Article 7 Aviation Safety

  • 1. Certificates of airworthiness, certificates of competency and licences issued or rendered valid, in accordance with the rules and procedures of one Contracting Party, including, in the case of the Czech Republic, European Union law, and still in force, shall be recognized as valid by the other Contracting Party for the purpose of operating the agreed services, provided that such certificates and licences are at least equal to or above the minimum standards which are established pursuant to the Convention.

  • 2. Each Contracting Party reserves the right, however, to refuse to recognize, for the purpose of flights above its own territory, certificates of competency and licences granted to its own nationals by the other Contracting Party or by any other State.

  • 3. Each Contracting Party may request consultations at any time concerning safety standards in any area relating to aircrew, aircraft or their operation adopted by the other Contracting Party.
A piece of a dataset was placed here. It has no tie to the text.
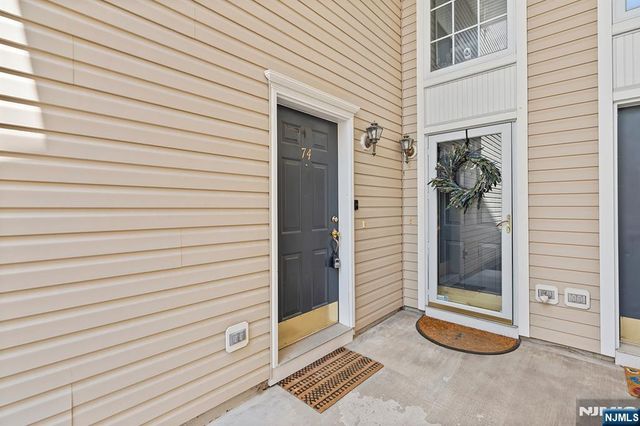 74 Mountainside Drive, Pompton Lakes, NJ 07442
Such consultations shall take place within thirty (30) days from the date of the delivery of that request.

  • 4. If, following such consultations, one Contracting Party finds that the other Contracting Party does not effectively maintain and administer safety standards in any such area that are at least equal to the minimum standards established at that time pursuant to the Convention, the first Contracting Party shall notify the other Contracting Party of those findings and the steps considered necessary to conform with those minimum standards, and that other Contracting Party shall take appropriate corrective action. Failure by the other Contracting Party to take appropriate action within fifteen (15) days or such longer period as may be agreed, shall be grounds for the application of Article 4 of this Agreement.

  • 5. Notwithstanding the obligations mentioned in Article 33 of the Convention it is agreed that any aircraft operated by or, under the lease agreement, on behalf of an airline of one Contracting Party on services to or from the territory of the other Contracting Party may, while within the territory of the other Contracting Party, be made the subject of an examination by the authorized representatives of the other Contracting Party, on board and around the aircraft to check both the validity of the aircraft documents and those of its crew and the apparent condition of the aircraft and its equipment (in this Article called “ramp inspection”), provided this does not lead to unreasonable delay.
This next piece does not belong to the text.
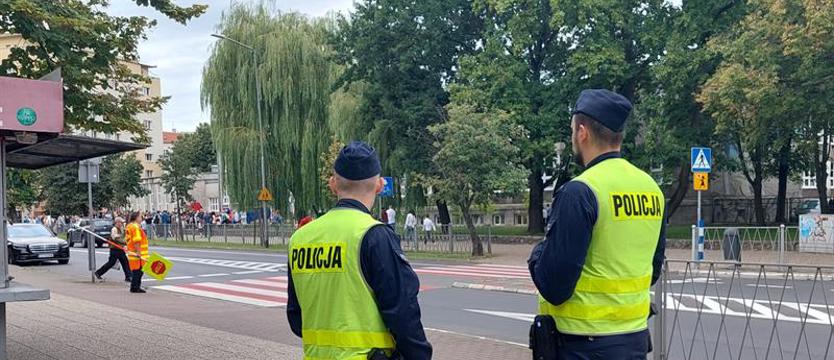 Więcej patroli i pogadanek o ruchu drogowym. Trwa akcja „Bezpieczna droga do szkoły"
  • 6. If any such ramp inspection or series of ramp inspections gives rise to:

    • a) serious concerns that an aircraft or the operation of an aircraft does not comply with the minimum standards established at the time pursuant to the Convention; or

    • b) serious concerns that there is a lack of effective maintenance and administration of safety standards established at that time pursuant to the Convention,

    the Contracting Party carrying out the inspection shall, for the purposes of Article 33 of the Convention, be free to conclude that the requirements under which the certificate or licences in respect of that aircraft or in respect of the crew of that aircraft had been issued or rendered valid, or that the requirements under which that aircraft is operated, are not equal to or above the minimum standards established pursuant to the Convention.

  • 7. In the event that access for the purpose of undertaking a ramp inspection of an aircraft operated by, or, on behalf of an airline of one Contracting Party in accordance with paragraph 5 of this Article is denied by the representative of that airline, the other Contracting Party shall be free to infer that serious concerns of the type referred to in paragraph 6 of this Article arise and draw the conclusions referred to in that paragraph.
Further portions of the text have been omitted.